Tuesday, July 10, 2012

Memory


In a recent meeting with some MFA students we discussed memory and its function in creating art…. Making connections with personal histories. 

In the 7/6 issue of the Wall Street Journal was a story about the Chinese artist Zhang Xiaogang. The article said, “Memory is the central theme of Mr. Zhang’s art – what we choose to remember, forget, or distort.” Zhang went on to state “Art helped me transcend a miserable situation.”  Zhang studied western art in one of China’s Art Colleges. The WSJ piece went on:

            In 1989, Mr. Zhang painted a red woman sitting on the banks of the Lethe, the mythical Greek sea of forgetting. Several months later he watched the student protests in Tiananmen Square.  By that point, he decided to abandon the western motifs he had been exploring and go hunting for some way to capture China’s collective identity.

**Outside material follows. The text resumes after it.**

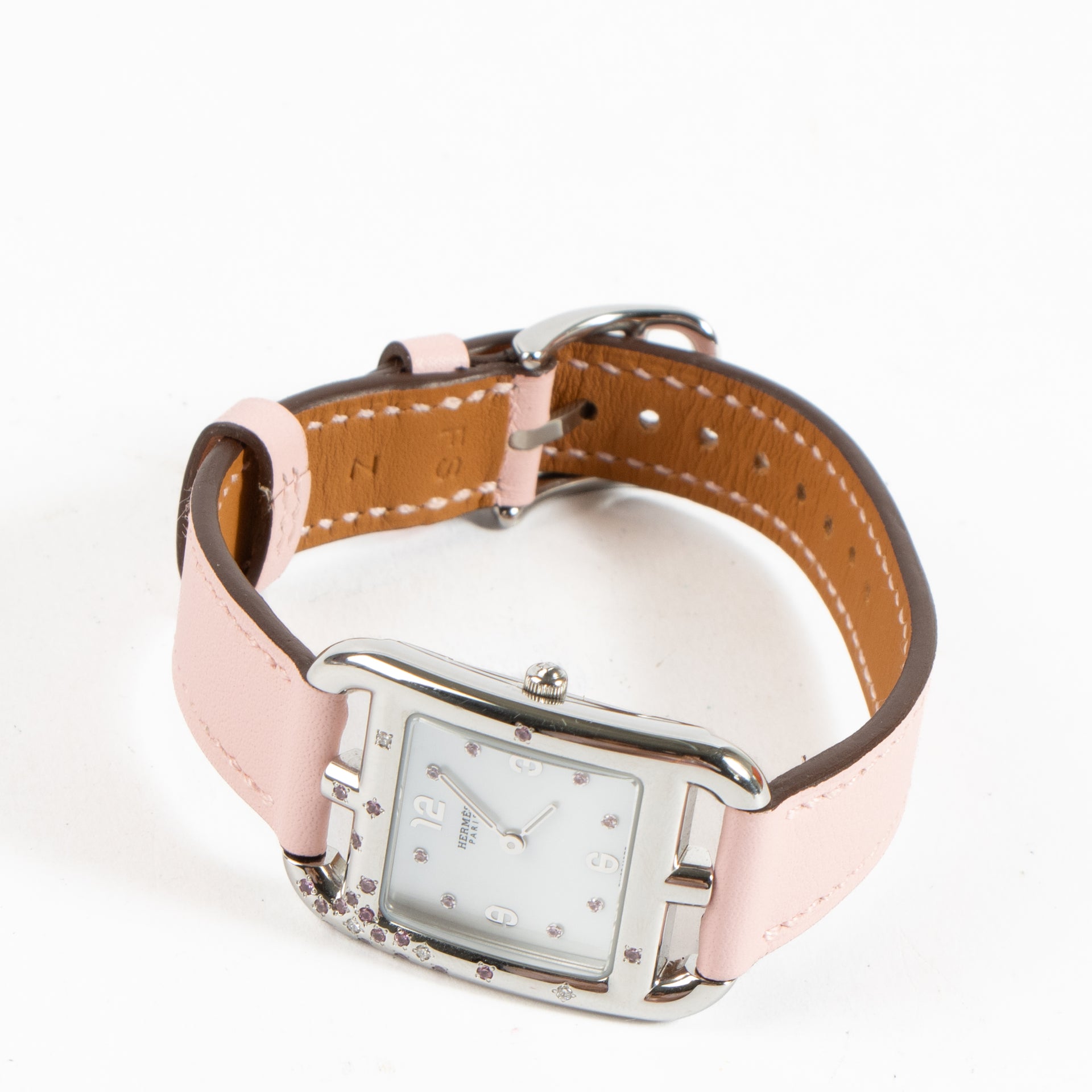 Shop the authentic Hermès Diamond Cape Cod Small Watch on Labellov.com !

            He found it in an empty box of cookies. While visiting his parents in 1992 after his first trip to Europe, he noticed his mother dumping a batch of Black-and-white family photographs into a leftover bakery box. As he sifted through the images, he realized he had never seen himself as a baby or his parents as their younger, livelier selves. He had just become a father himself, and he felt more closely to the unfamiliar faces in the photos. The juxtaposition proved to be his epiphany: China after the Cultural Revolution, was one big dysfunctional family, too.

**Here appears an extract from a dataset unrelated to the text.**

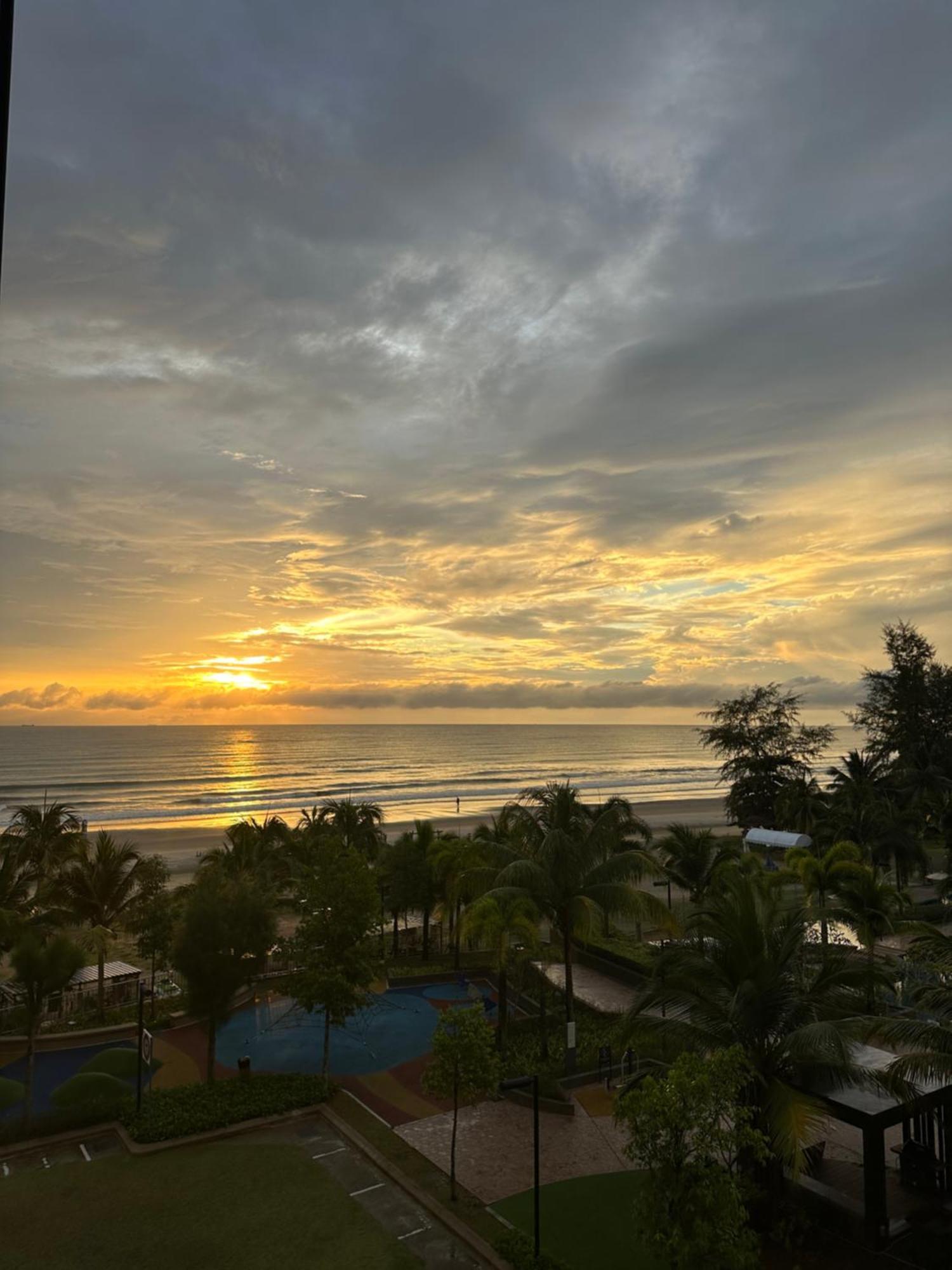 Timurbay Anda Kuantan Exterior foto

It is part of that personal connection that I was talking about in looking for memorable events (or signposts) in your life.  It is the personal connection that will in the end make your work stronger. We often look outside ourselves for direction, however, it is when we make the journey home we make big discoveries…             


Friday, June 8, 2012

Interpretation

Recently I asked a group of students pursuing their MFA degree to read the essay "Against Interpretation" by the late Susan Sontag.

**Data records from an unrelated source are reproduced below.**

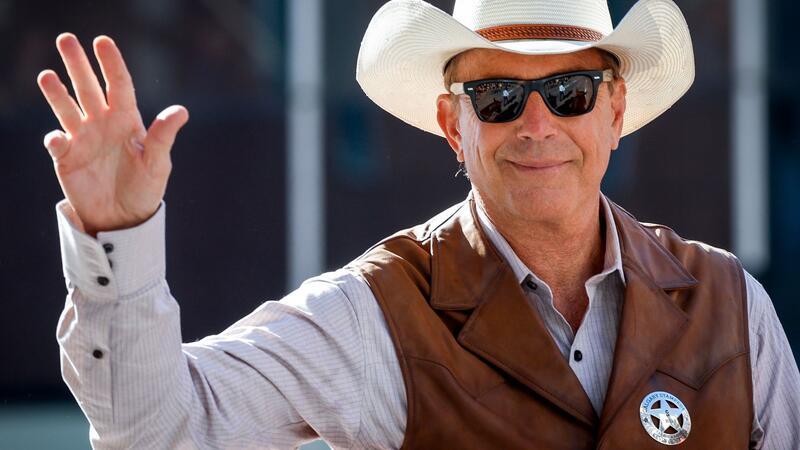 Parademarschall und Schauspieler Kevin Costner .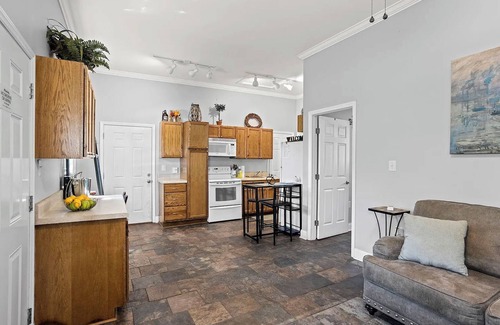 Sans Souci Cabaña | Charming 1-bedroom cottage in Greenville, SC with fenced in yard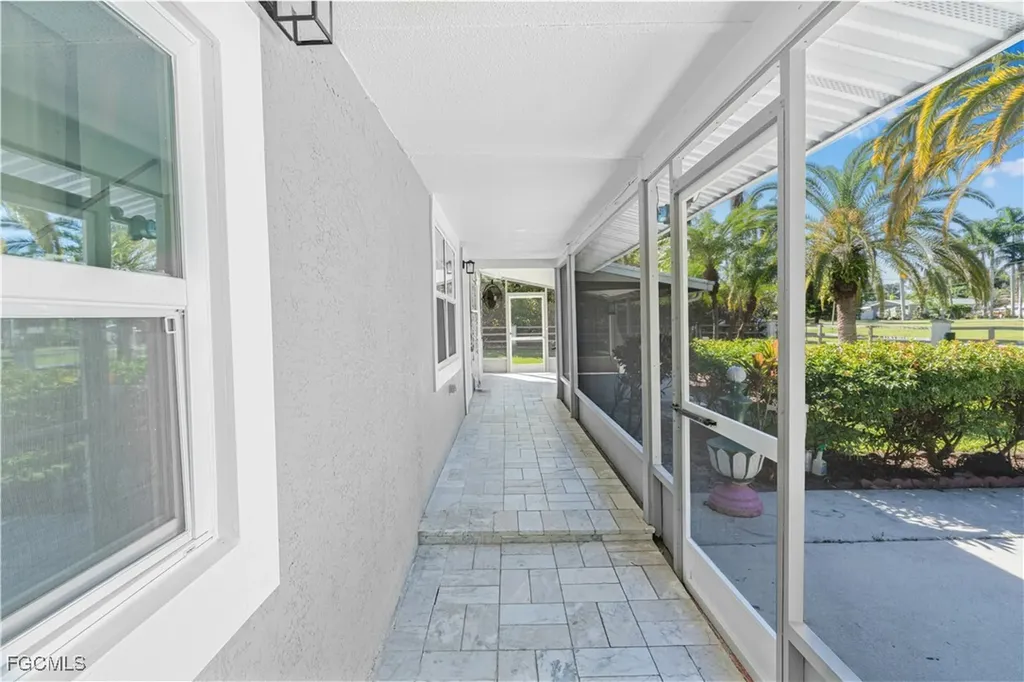 327 Montgomery Avenue Fort Myers FL 33905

Wikipedia introduces this work with the following notes:

Against Interpretation and Other Essays is a collection of essays by Susan Sontag published in 1966. It includes some of Sontag's best-known works, including "On Style," "Notes on 'Camp'," and the titular essay "Against Interpretation." In the last, Sontag argues that in the new critical approach to aesthetics the spiritual importance of art is being replaced by the emphasis on the intellect. Rather than recognizing great creative works as possible sources of energy, she argues, contemporary critics were all too often taking art's transcendental power for granted, and focusing instead on their own intellectually constructed abstractions like "form" and "content." In effect, she wrote, interpretation had become "the intellect's revenge upon art." The essay famously finishes with the words, "in place of a hermeneutics we need an erotics of art".

There were various responses from the group.  I added the following:


I was a part of a group of  a dozen faculty members that worked on developing a new Critical Thinking course for the university. We met over the summer trying to create a course that looked at the ways that various disciplines approach critical thinking and ideas. When it was my turn, I spoke about the viewpoints of the artist and artistic intent in the topic that we were approaching that day. After speaking, a colleague from the English Department said, "He could care less about artists and their intent, all that matters is the interpretation of the viewer."  I found the comment a little shocking, especially from a member of the English Department. He then went on to explain that we will never know what an artist truly intended or was thinking, all the essays by art historians are scholarly guesses at best. He stated that he has read at least thirty-one different interpretations of Tom Sawyer that range from musings on boyish pranks to the novel being a gay fairy tale. In his eyes, it was not important what the artist intended but the response generated by the audience. The artist does not necessarily need to share his or her motivation, what is important is that the work resonates with the audience causing them to be moved. This caused me to think very differently about interpretation.... My thoughts are my own and my own motivation.  Sometimes I will give the viewer an inkling into my inner-thoughts and sometimes will guard my thoughts. The most important thing is not whether or not they feel the same things that I do, but that they are moved. This is a much more liberating method of working. Keep true to your own motivation!  Personal work is always much more powerful!